Cablevision Systems Corp. has been busy lately, hammering away with separate marketing campaigns for its iO: Interactive Optimum digital-cable service and Optimum Online high-speed data platform.
For digital cable, the MSO's "TV is now iO" campaign relies upon an effective mix of nostalgia and a raft of entertainment and sports programming options to persuade consumers to commit.
At first, it appears that the barrage of quick-cut clips and network names is too much for anyone to grasp, but that may actually be a plus. Each time a viewer sees an iO spot, something different catches the eye. And the sheer quantity of content available is exactly what Cablevision wants to convey to prospects.
The best spot of this package is the 60-second "Anthem," in which a female voiceover says, "Television – it captivated us from the start. We came together around it … and at times were left speechless by it."
President John F. Kennedy and the first man on the moon are depicted, accompanied by words including the letters "iO" — such as innovation, pioneer and inspiration.
But what if we could "get even more," the narrator asks, segueing into iO's 200 channels, which offer 700 different titles. Boasting that iO — for just $9.95 more per month — is "bigger than television, better than satellite TV," the spot concludes, "It's why you'll never look at TV the same way again."
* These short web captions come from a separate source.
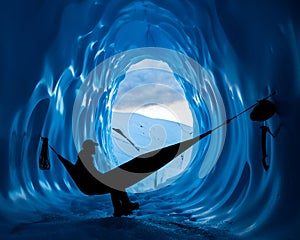 Ice climber resting in hammock inside a deep blue ice cave in the Matanuska Glacier of Alaska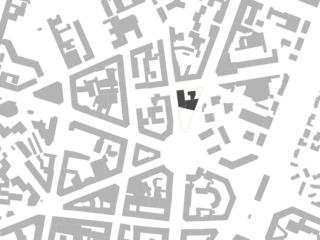 Schwarzweißkarte mit Gebäudegrundrissen; ein zentrales Grundstück ist mit einem gestrichelten orangefarbenen Umriss hervorgehoben und enthält ein schwarz schattiertes Gebäude.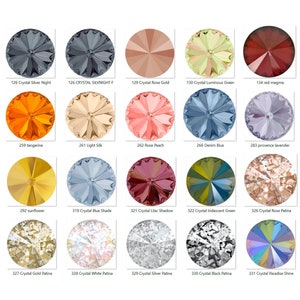 May include: Assortment of 15 different coloured crystal rhinestones. The rhinestones are round and have a faceted design. The colours include silver, gold, green, red, orange, peach, blue, lavender, yellow, white, and black.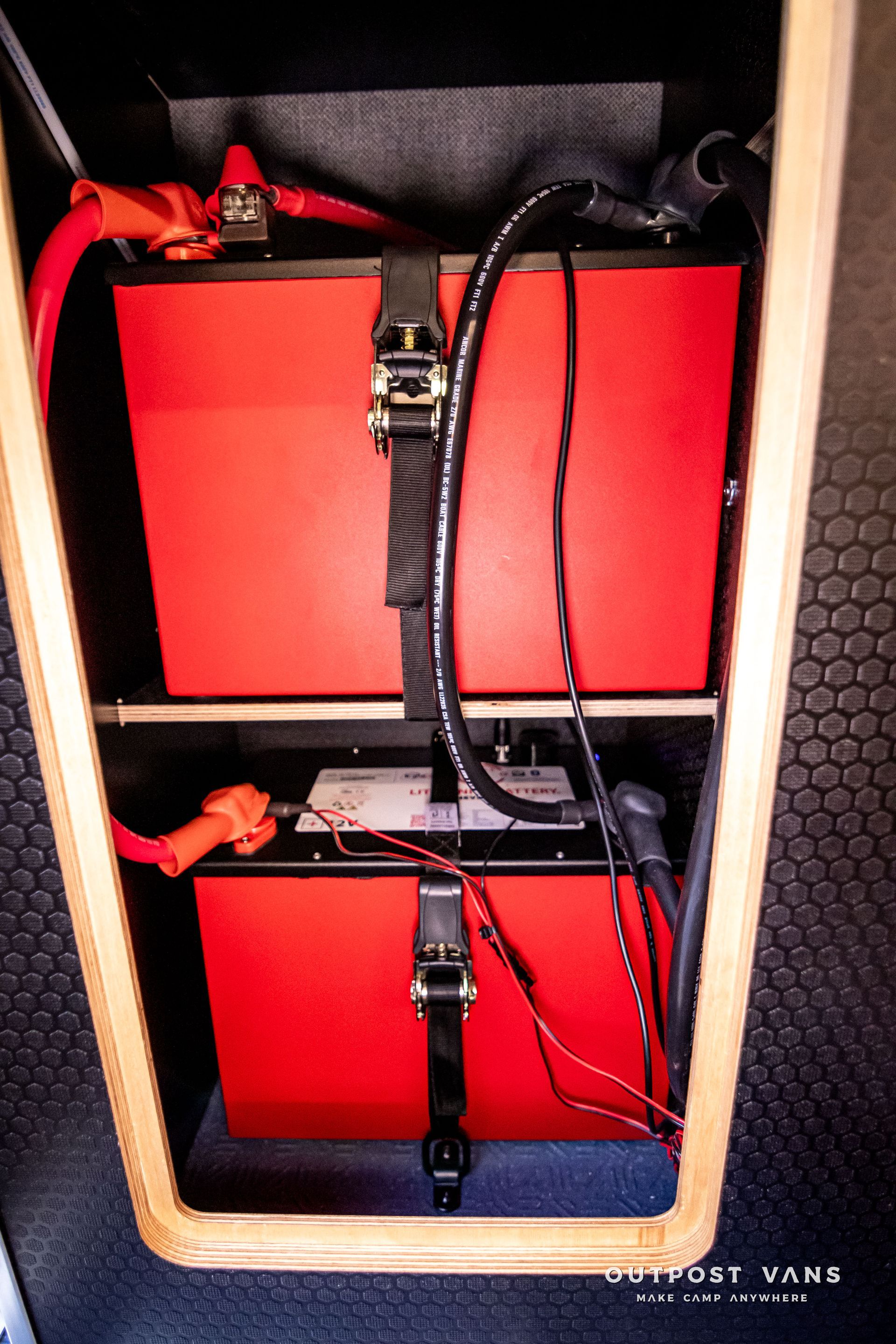 Two red batteries are sitting on top of each other in a van.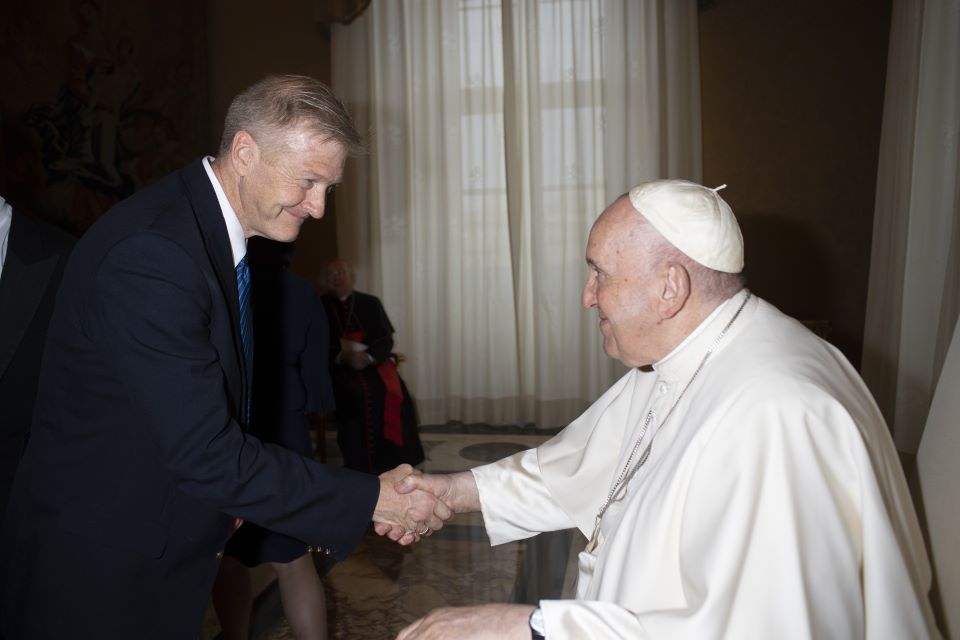 John James, Ed.D., professor of educational leadership, shakes hands with Pope Francis.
Separate 30-second spots emphasize on-demand programming and a raft of sports channels.
One quibble: the brand iO is meaningless to consumers, unlike, say, Time Warner Cable's "DTV," which is more easily deciphered as digital TV.
Meanwhile, enjoyable slice-of-life spots promote Optimum Online. The best is a 60-second spot, in which a young family gravitates to its kitchen PC. Mom tells viewers that service is "way faster than dial-up or DSL," and cites a free cable modem and no annual contract.
Red Tettemer Inc., Philadelphia, is the agency.
On the Spots is a periodic critique of MSO and cable-network marketing campaigns.